In this lab, we'll learn to work with semi-structured data, specifically JSON. JSON is the standard format for data transfer on the web, and you'll encounter it frequently when working with APIs.

**What is Semi-Structured Data?** It doesn't fit neatly into a table but has organizational markers (like keys and values) that give it structure.

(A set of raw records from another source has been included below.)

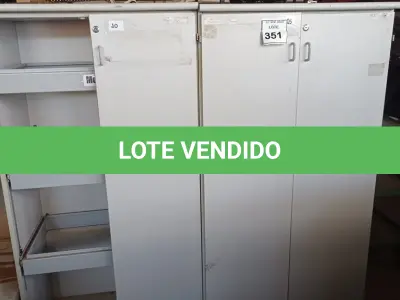 LOTE 351 - 03 ARMÁRIOS ALTOS SENDO 02 PARA PASTAS SUSPENSAS COM AVARIAS. (NO ESTADO) ATENÇÃO! FAZER A VISITAÇÃO ANTES DE ARREMATAR, NÃO SABEMOS SE FUNCIONA, LEILÃO NÃO TEM GARANTIA E NEM DEVOLUÇÃO, SUJEITO A POSSÍVEIS AVARIAS VISÍVEIS/OCULTAS E/OU AUSÊNCIA DE COMPONENTES.
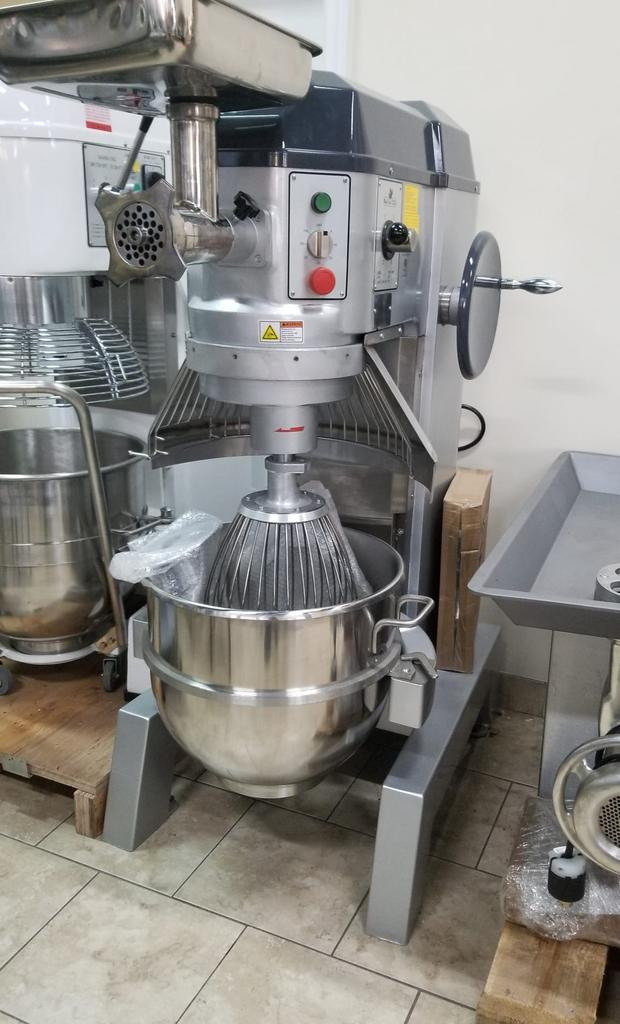 Commercial 60Qt Planetary Dough Stand Mixer in Other Business & Industrial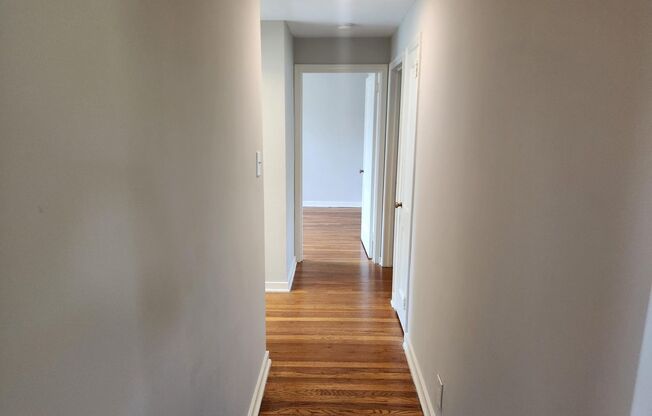 2 beds, 1 bath, 897 sqft, $2,265, Unit A-05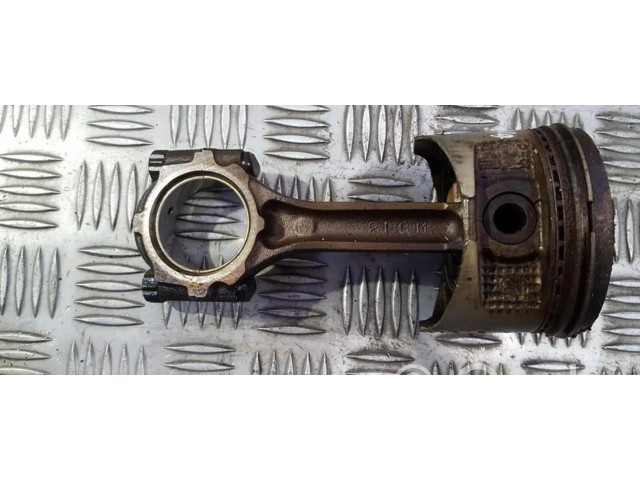 Píst 219M, 4A Toyota Carina A60 pro benzínový motor 1.6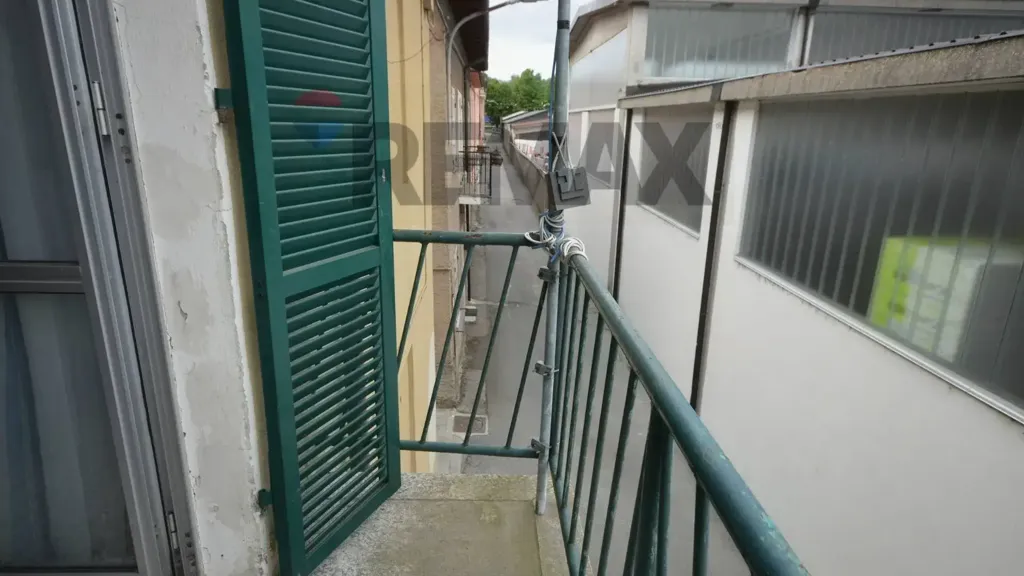 Balcony - Independent House with Balcony in Carcare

Our goal is to load JSON data and transform it into a clean, structured DataFrame.

### 2. Setup

We'll need the `pandas` library, as always, and Python's built-in `json` library.

In [None]:
import pandas as pd
import json

### 3. The JSON Data

Imagine we received the following data from a user database API. It's a list of two users. Notice that the `address` is a "nested" object inside the main user object.

In [None]:
json_data = '''
[
    {
        "id": 101,
        "name": "Alice",
        "email": "alice@example.com",
        "address": {
            "street": "123 Maple St",
            "city": "Wonderland"
        }
    },
    {
        "id": 102,
        "name": "Bob",
        "email": "bob@example.com",
        "address": {
            "street": "456 Oak Ave",
            "city": "Builderton"
        }
    }
]
'''

### 4. Handling JSON

#### 4.1. Loading JSON as a Python Object

First, let's use the `json` library to load the string into a familiar Python object (in this case, a list of dictionaries).

In [None]:
data = json.loads(json_data)
print(data)

We can access elements just like we would with any Python list or dictionary.

In [None]:
# Get the first user's name
print(data[0]['name'])

# Get the second user's city
print(data[1]['address']['city'])

#### 4.2. Loading JSON directly into Pandas

Pandas can often read JSON directly, but let's see what happens with our nested data.

In [None]:
df_nested = pd.read_json(json_data)
df_nested.head()

**Problem:** Look at the `address` column. It contains the dictionary object, which isn't very useful for analysis. We can't easily filter by city, for example. We need to flatten it.

#### 4.3. Flattening Nested JSON with `json_normalize`

Pandas provides a powerful function, `json_normalize`, specifically for this problem. It intelligently unpacks nested dictionaries and lists into their own columns.

In [None]:
# We first need to load the json string into a python object
data_for_normalize = json.loads(json_data)

df_flat = pd.json_normalize(data_for_normalize)
df_flat.head()

**Success!** Notice how `address.street` and `address.city` are now their own proper columns. The data is now fully **structured** and ready for analysis.

Let's check the `.info()` to confirm.

In [None]:
df_flat.info()

### 5. Conclusion

In this session, you learned how to:
1.  Load JSON data into Python.
2.  Recognize the problem of nested data when loading into Pandas.
3.  Use the powerful `pd.json_normalize()` function to flatten semi-structured JSON into a clean, structured DataFrame.

This is a critical skill for any data scientist who needs to work with data from web APIs. Next, we'll tackle our final data type: unstructured text.